3 November 2021
The PSA Eco Network convenors continue to send their aroha to everyone in these strange times, especially our members up in Tāmaki Makaurau Auckland doing the hard yards for us all on slowing down the spread of COVID-19.
In this issue
- PSA commits to combating climate change
- Emissions Reduction Plan discussion document released
- RSVP to our Emissions Reduction Plan webinar with Minister James Shaw
- Eco Network promotes DHB sustainability
- Introducing our new Tāmaki Makaurau Auckland Convenor, Shonagh Clark
- Introducing Sarah Wright – Eco Rep profile
This month’s bumper newsletter contains some pretty exciting news in the climate realm, from PSA’s own strategic goal refresh to the release of the Government’s Emissions Reduction Plan discussion document.

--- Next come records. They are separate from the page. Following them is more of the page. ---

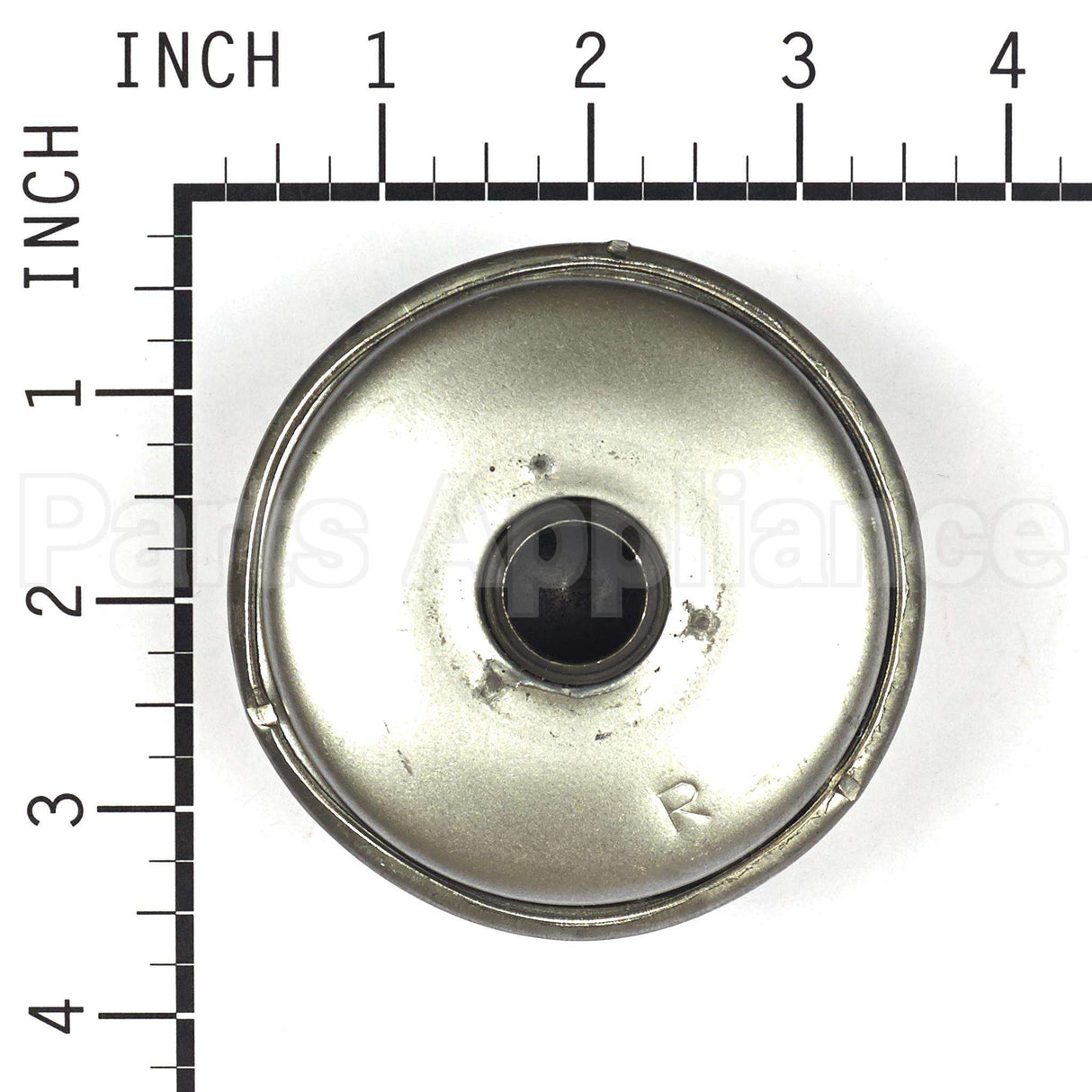 394569S Briggs & Stratton Muffler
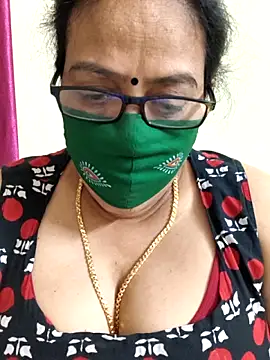 jyosthna's cam snapshot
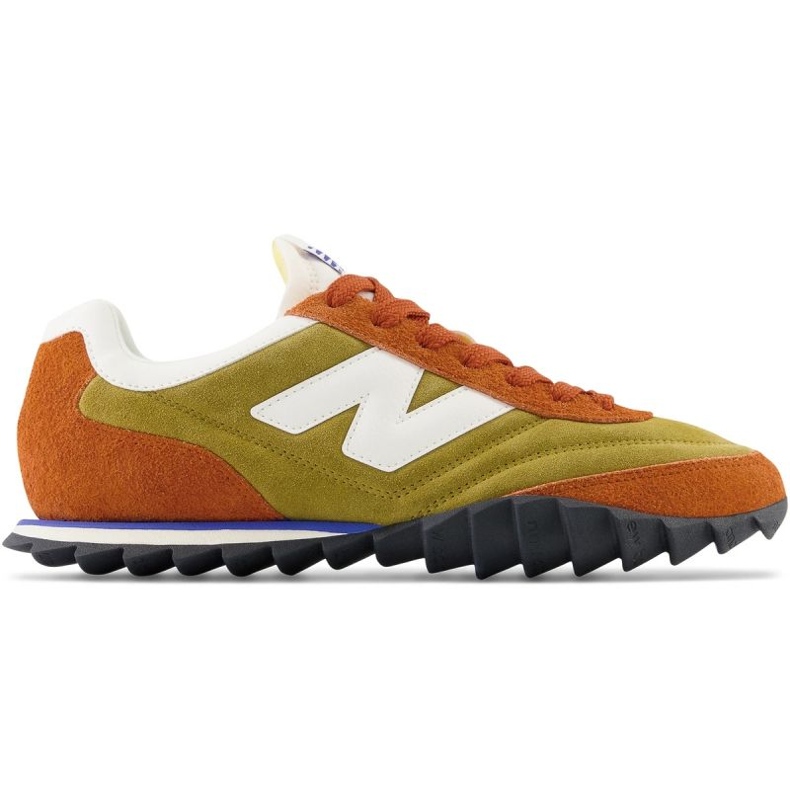 New Balance URC30ND cipő sokszínű New Balance URC30ND cipő sokszínű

PSA commits to combatting climate change
Grant Brookes, Eco Network national co-convenor
After a year-long review and refresh, the PSA Executive Board has now published the updated PSA Strategic Goals 2021-17. For the first time, combatting climate change is included in our union’s overarching goals. The Eco Network advocated strongly for this change. We said that a fifth goal, climate justice, should be added and that the four existing goals for the PSA should be amended to build the narrative of the intersections between climate and workers justice.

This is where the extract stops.